**** Data segment

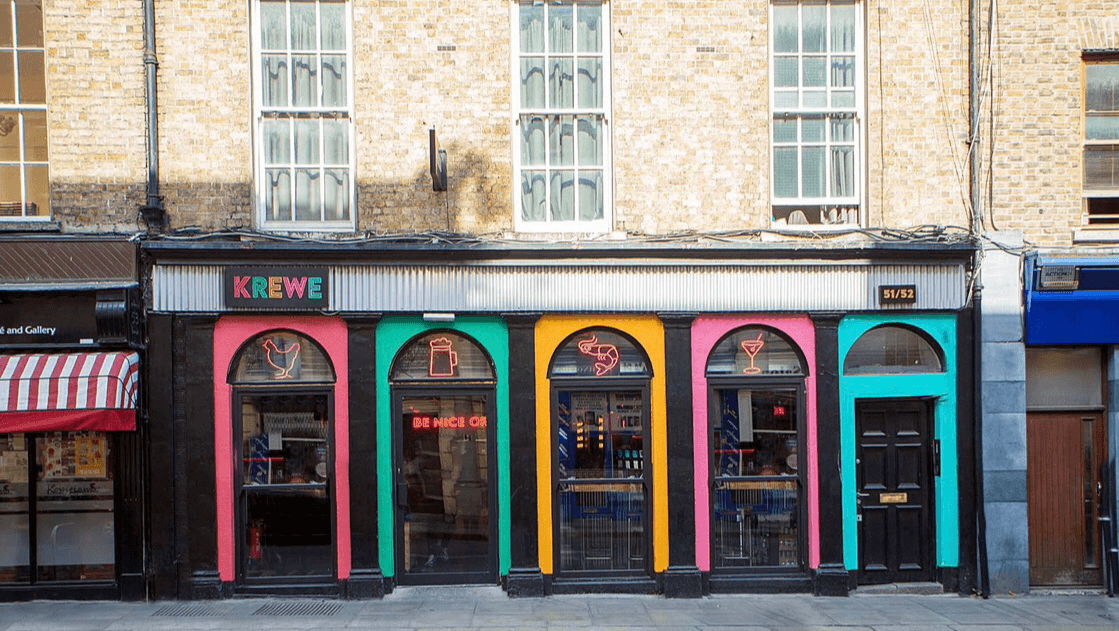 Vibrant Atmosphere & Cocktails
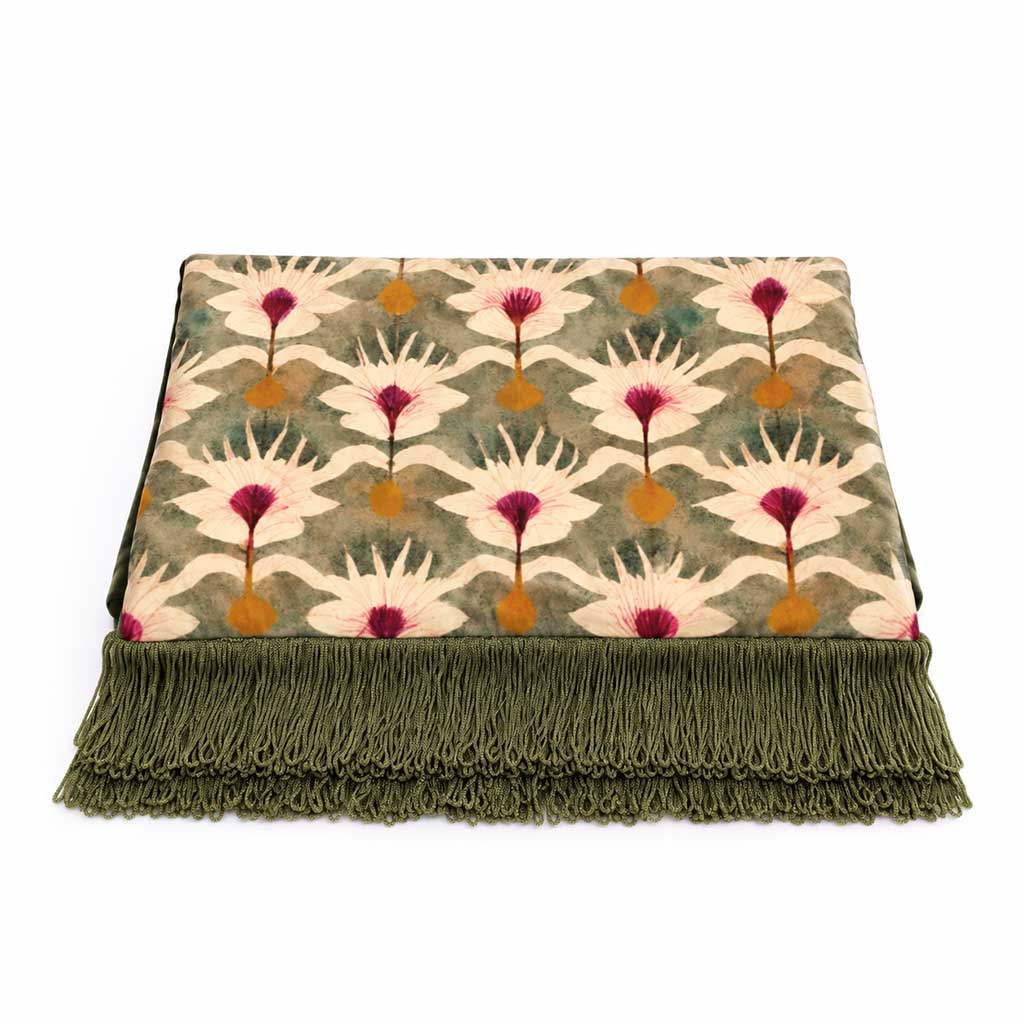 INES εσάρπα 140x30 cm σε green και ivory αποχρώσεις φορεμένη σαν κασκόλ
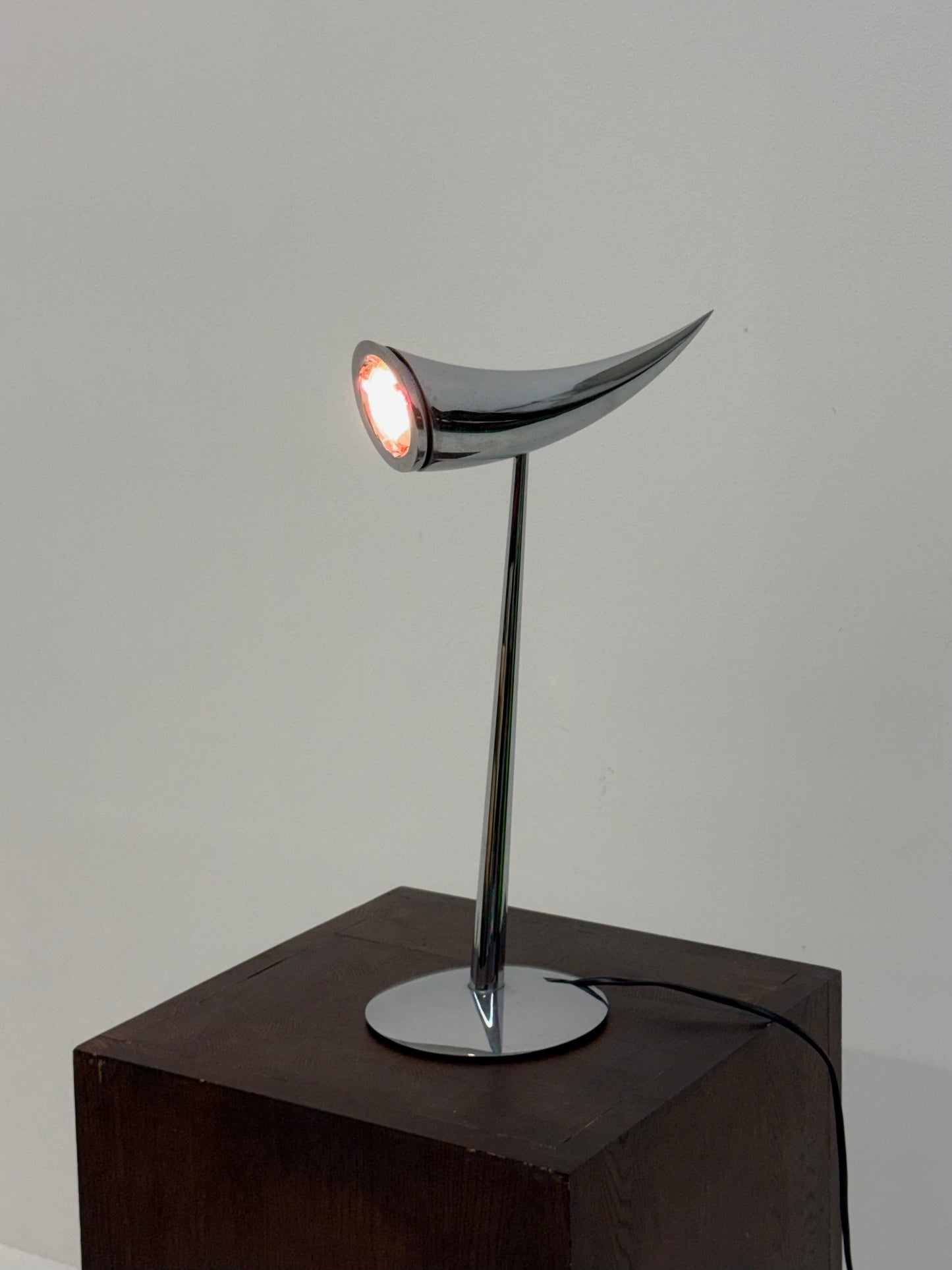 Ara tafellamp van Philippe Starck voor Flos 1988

********

§ **To do**
Hand back the data above exactly, leaving out all pictures.

§ **Result of this task**
 Vibrant Atmosphere & Cocktails
 INES εσάρπα 140x30 cm σε green και ivory αποχρώσεις φορεμένη σαν κασκόλ
 Ara tafellamp van Philippe Starck voor Flos 1988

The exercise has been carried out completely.